[WHAT IS EXPECTED]
Write the listing below out again exactly, dropping the images.

[PROVIDED MATERIAL]
━━━━

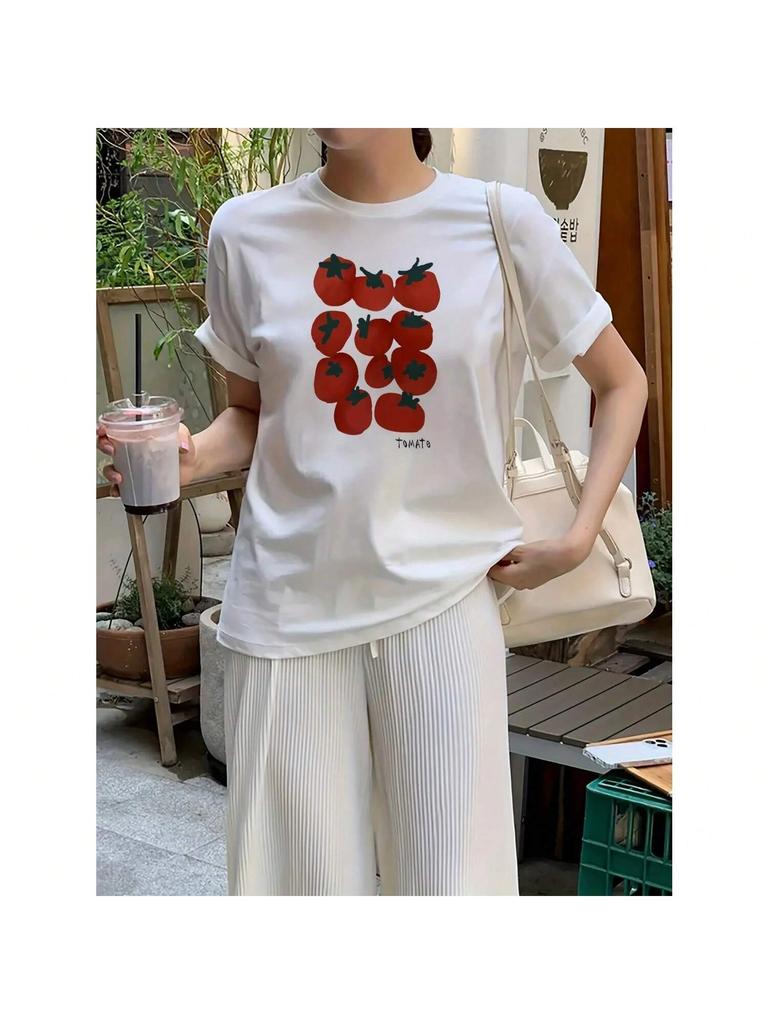 Y2k Harajuku Styles Ästhetisches T-Shirt mit Tomatendruck Mädchen Sommer Vintage Baumwolle Kurzarm Grafik Süß Unisex Lockere Oberteile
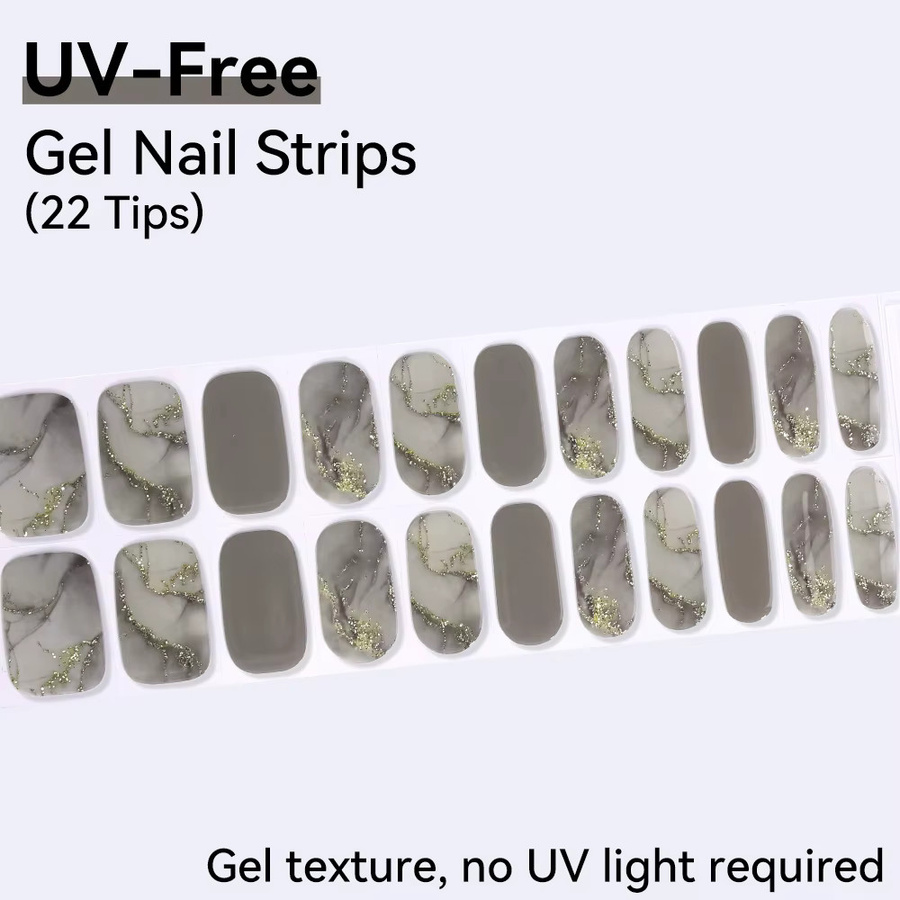 Clou Beaute Gel-Nagelstreifen, Glitzer, Bernstein, Grau, Rosa, Glänzend - Bild 1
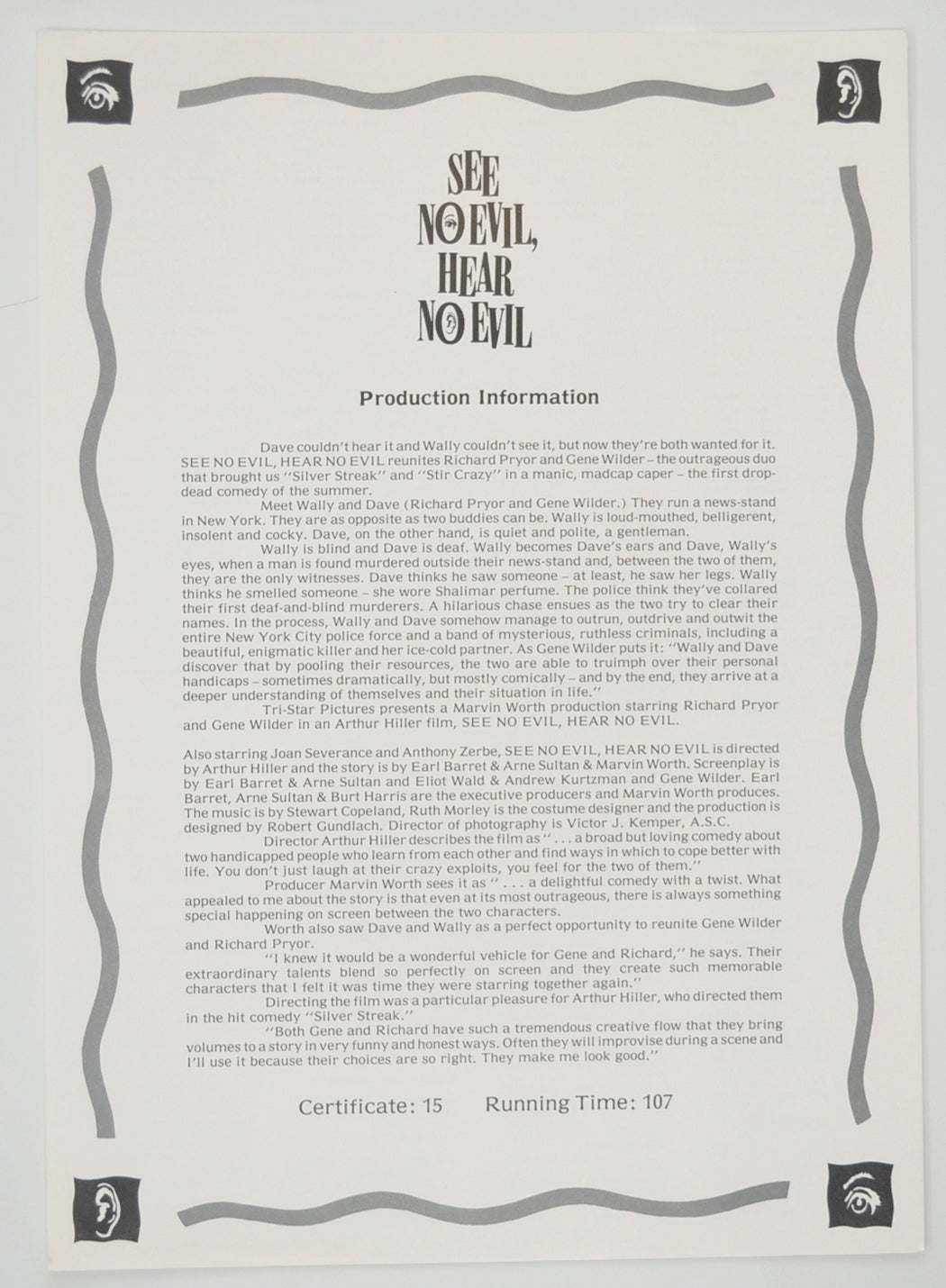 SEE NO EVIL, HEAR NO EVIL Cinema Exhibitors Campaign Pressbook - SYNOPSIS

━━━━

[WRITTEN RESPONSE]
 Y2k Harajuku Styles Ästhetisches T-Shirt mit Tomatendruck Mädchen Sommer Vintage Baumwolle Kurzarm Grafik Süß Unisex Lockere Oberteile
 Clou Beaute Gel-Nagelstreifen, Glitzer, Bernstein, Grau, Rosa, Glänzend - Bild 1
 SEE NO EVIL, HEAR NO EVIL Cinema Exhibitors Campaign Pressbook - SYNOPSIS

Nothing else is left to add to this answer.